Required work
Reproduce the listing below from the line with "Chauffe-eau au gaz" to the line with "Black Bear Lodge of Sapphire", both lines included, character for character, minus any pictures.

Start of Excerpted records

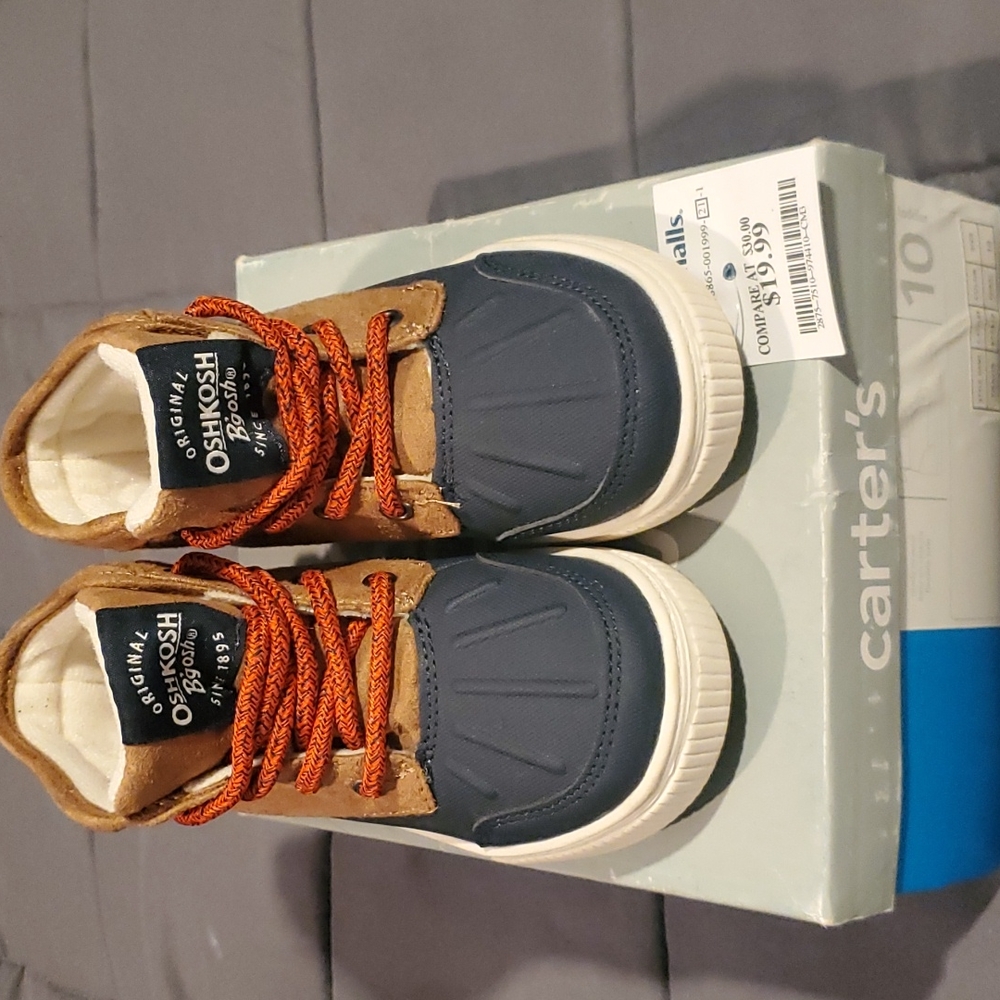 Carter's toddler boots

End of Excerpted records
Start of Excerpted records

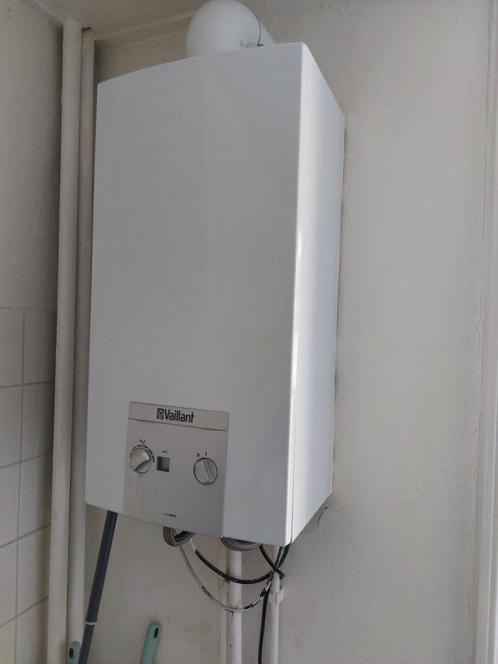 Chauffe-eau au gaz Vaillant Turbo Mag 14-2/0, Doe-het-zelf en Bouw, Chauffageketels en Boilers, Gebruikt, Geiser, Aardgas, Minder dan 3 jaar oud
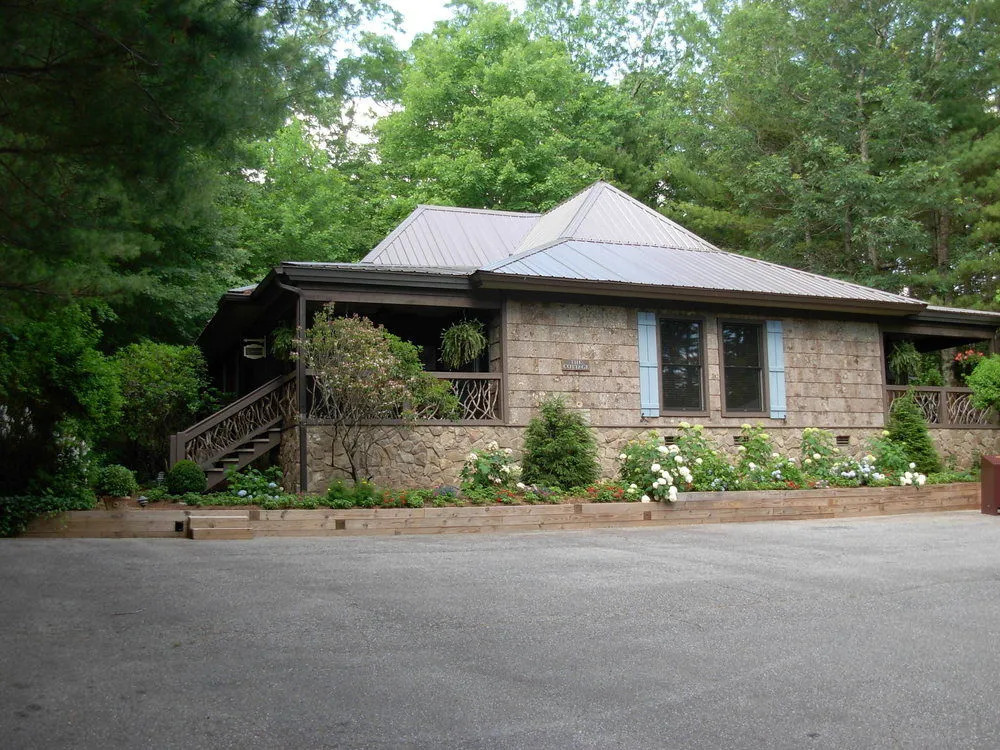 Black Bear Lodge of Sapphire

End of Excerpted records

Problem solution
 Chauffe-eau au gaz Vaillant Turbo Mag 14-2/0, Doe-het-zelf en Bouw, Chauffageketels en Boilers, Gebruikt, Geiser, Aardgas, Minder dan 3 jaar oud
 Black Bear Lodge of Sapphire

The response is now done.